Before the Battle of Talas River in 751, some of this paper had already made its way to Mecca in Arabia. Some Chinese prisoners of war from the battle were said to be papermakers who were taken to Samarkand and Khurasan, where they began to build paper mills. Evidence suggests this may be merely a legend, however, and that papermills were probably already in existence in Samarkand by this time. Nonetheless, the first paper mill in the Abbasid Caliphate was built in 794–795, and Spain began producing paper as early as the tenth century.
- What does the story of Chinese papermaking suggest about the ways in which ideas and technologies can be diffused to other cultures?
- How was this diffusion of ideas and technologies connected to, but not a product of, trade via the Silk Roads?
Watch this video to view a specialized technique of papermaking that differs from the one discussed in the preceding “Beyond the Book” feature.
Religion and Trade in South and Southeast Asia
The growth of Islam gave Muslims a considerable role in world trade, particularly along the Silk Roads and in the Indian Ocean. By the middle of the eighth century, Islam had moved into northern India, and when the Abbasids overthrew the Umayyad dynasty and then moved their capital from Damascus to Baghdad, they established what became one the most important cities along the Silk Roads and a location that allowed them to dominate the growing Indian Ocean trade.

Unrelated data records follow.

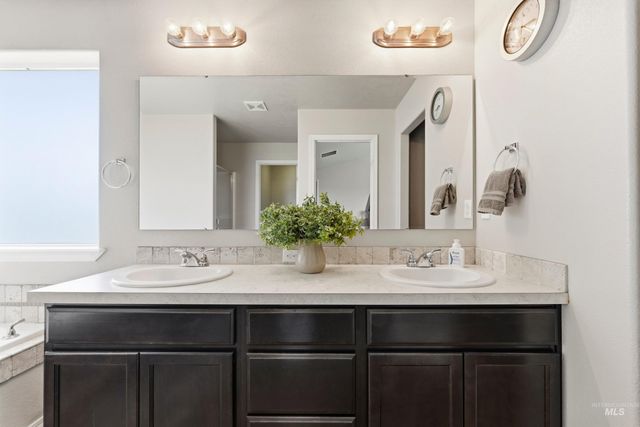 2025 N Thistle Dr, Kuna, ID 83634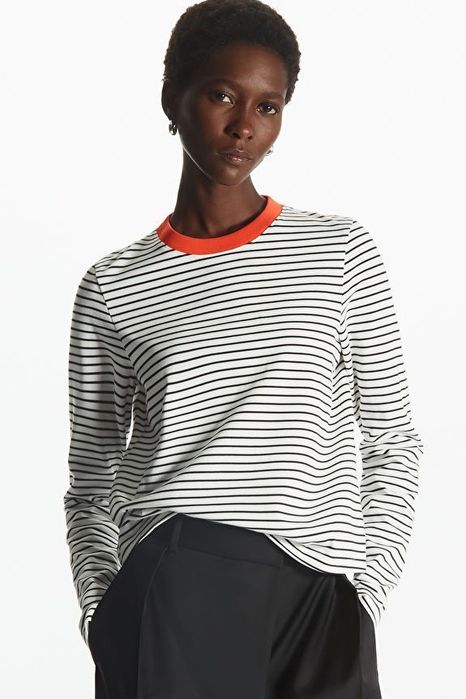 Бавовняний лонгслів COS у смужку - М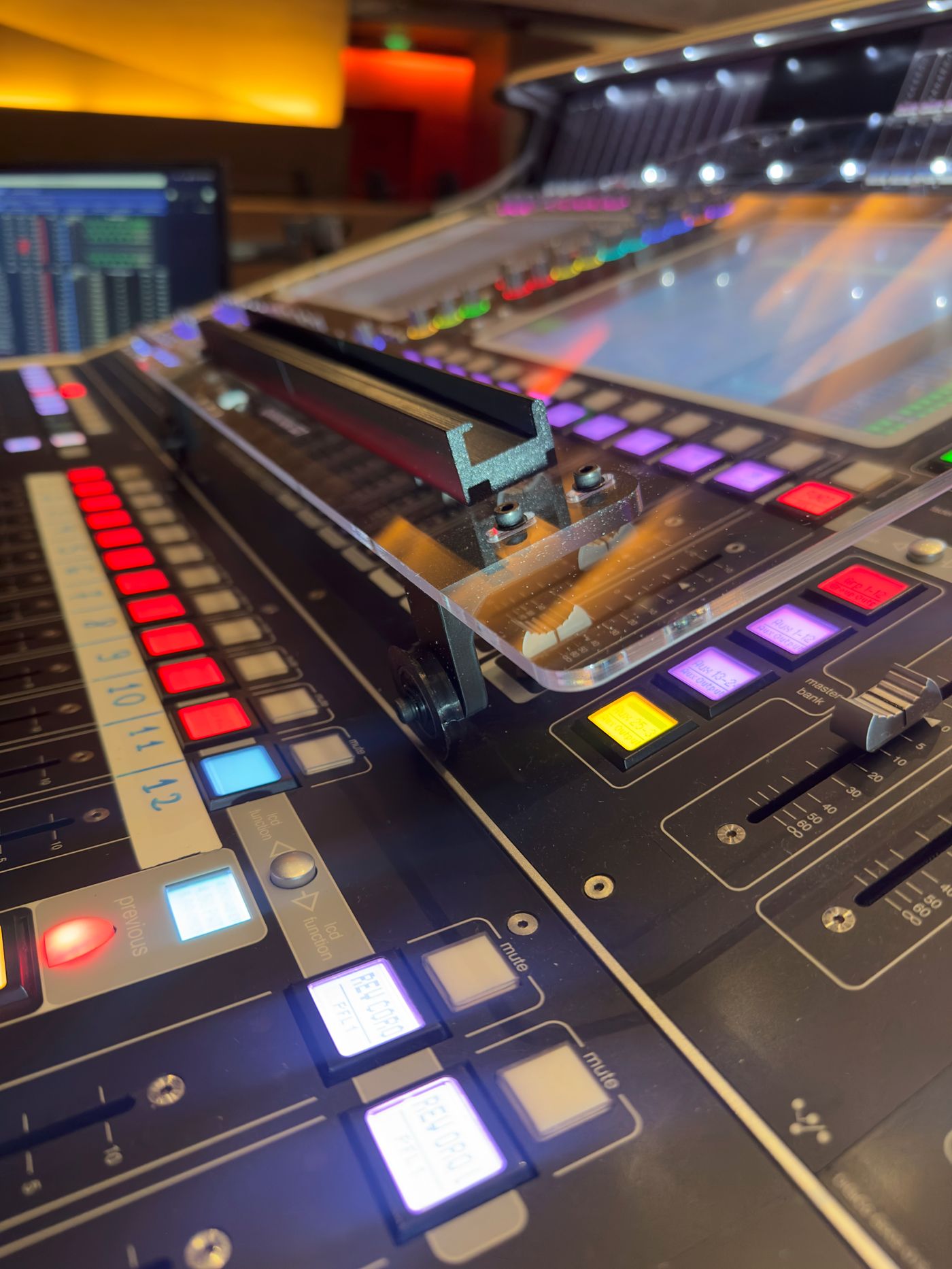 Detalhe do script trolley Bocutti Audio de perfil no console DiGiCo Quantum SD7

This new capital was situated along the Tigris River, a vital trade conduit to the Persian Gulf and to the Indian Ocean beyond. In the ninth century, the city of Siraf on the Persian Gulf coast was regularly sending ships to China and back and became one of the most important trading ports of this period. However, Siraf’s hold on trade weakened when an earthquake struck and damaged it in 997. Other regions stepped in, including Hormuz, Omar, and particularly Qeys, an island city in the Persian Gulf. Arab expansion into the Indian Ocean trade initially filtered through these ports, but it eventually expanded along the African coast as well (Figure 12.18).
The Muslim presence in northwest India was also an important link in the chain of Indian Ocean trade. Muslim raiders invaded India in the eighth century and came through Khurasan and Ghazni in the late tenth and eleventh centuries and many of the local inhabitants converted to Islam. In Gujarat, just south of the Sindh region, the Hindu Chalukya dynasty still controlled much of the Indian Ocean trade through their key city of Khambhat. However, by the end of the twelfth century, their power was waning. When the Turkic peoples from present-day Afghanistan began to rule the area of Delhi independently as the Delhi Sultanate in 1206, this region slowly came under their influence.

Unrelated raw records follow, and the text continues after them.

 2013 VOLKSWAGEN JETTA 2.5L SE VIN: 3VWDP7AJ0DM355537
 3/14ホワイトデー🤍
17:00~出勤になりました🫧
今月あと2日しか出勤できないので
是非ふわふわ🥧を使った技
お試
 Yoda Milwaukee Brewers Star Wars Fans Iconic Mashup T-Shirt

Generations of incursions from Persian dynasties into South Asia meant that Persian influence deeply affected the region. That Persian influence can still be seen today in the language of Urdu in modern-day Pakistan, which combines Hindu and Farsi elements. One portion of the Delhi Sultanate was Gujarat, which the sultan Ala al-Din annexed in 1304 after years of ransacking Gujarati cities. When the central Asian warlord Timur (also called Tamerlane in the West) sacked and captured Delhi at the end of the century, Gujarat split off from the weakened state to become an independent Muslim sultanate under the Tughluq dynasty. The Tughluqs set about subduing the region’s Hindu Rajput chieftains and building a navy at Diu, strategically located along important trade routes between the Arabian Sea and Indian Ocean. Thus, much of the Indian Ocean trade in northwest India fell into the hands of this Islamic state.

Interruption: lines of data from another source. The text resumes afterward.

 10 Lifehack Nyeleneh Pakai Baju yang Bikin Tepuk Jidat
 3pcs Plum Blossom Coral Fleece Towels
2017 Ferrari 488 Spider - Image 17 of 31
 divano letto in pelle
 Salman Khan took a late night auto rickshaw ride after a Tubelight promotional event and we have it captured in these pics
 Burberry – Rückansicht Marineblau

From the decline of the Guptas to the rise of powerful northern Muslim sultanates such as Gujarat, peninsular India was home to the Hindu Chola kingdom, a maritime trade empire. With its vassal states including parts of the modern-day Maldives and Sri Lanka in the south, Chola dominated trade in the nearby portion of the Indian Ocean from about 970 to 1300. Crucially important to its dominance was control of the Palk Strait between Sri Lanka and southern India. The strait acted as a choke point where vessels had to stop to pay taxes, usually a portion of their cargo. Many of these vessels were known as dhows and carried twelve to twenty-four sailors (Figure 12.19).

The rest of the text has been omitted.